פלוץ

fart (colloquial)

Origin: Likely a corruption of German Furz (fart), with the common phonetic substitution of resh → lamed
Root: Borrowed/corrupted from German Furz
First attestation: 1934, documented by Daniel Persky in the journal *Leshonenu* as then-current children's slang
Coined by: Unknown; first documented by Daniel Persky (1934)

פלוץ (plots) — fart

Etymology

The ancient Semitic languages all had words for flatulence that descended from a common Proto-Semitic root. Arabic has dharta, Aramaic has erat, and Akkadian had zaratu — all clearly related, pointing to a proto-Semitic root with final resh and tet.
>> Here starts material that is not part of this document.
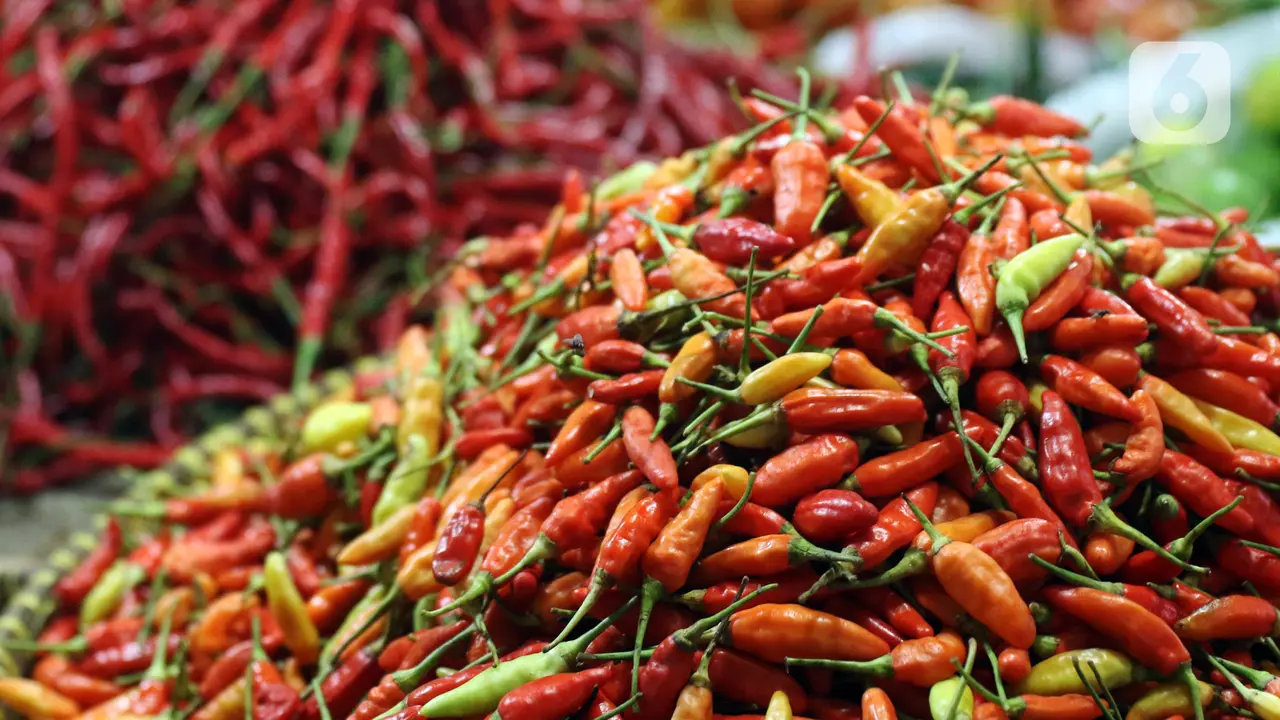 FOTO: Jelang Natal, Harga Cabai Rawit Merah Tembus Rp 100 Ribu per Kilo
In Arabic, the initial consonant is a voiced emphatic dh; in Aramaic and Akkadian a pharyngeal ayin or tsade; in Hebrew the cognate would have been something like tsirta or tsarta, reconstructed through comparative Semitics. Ezekiel 8:17 preserves a likely euphemism: "they are sending the branch (zemorah) to their nose," which a 10th-century commentator named Reu'el (in a Cairo Geniza manuscript discovered in 1978) explicitly glossed as referring to people "letting wind out from underneath" pointing toward the Temple.

Eliezer Ben-Yehuda, aware of this linguistic reconstruction, tried to introduce the form tsirta in one of his early dictionaries. It never caught on. The formal term נפיחה (lit. "blowing") was introduced by Torczyner (later Tur-Sinai) and Lazer in their German-Hebrew dictionary of 1927, finding the word in Rashi's commentary on Tractate Berakhot 24a. But נפיחה was too polite for daily use.

What took hold instead was פלוץ — first documented by Daniel Persky in the Hebrew Language Committee's journal Leshonenu in 1934, where he noted it was then new and popular among children. The most likely origin is a corruption of the German Furz with the substitution of reshlamed, a common phonetic shift. In the same article, Persky documented another synonym: נֹאד, derived from the idiom "נאד נפוח" (inflated wineskin, used metaphorically for a pompous person) — connecting the idea of puffed-up self-importance with the release of gas, a parallel found independently in English, where flatulent describes both physical gas and verbal hot air.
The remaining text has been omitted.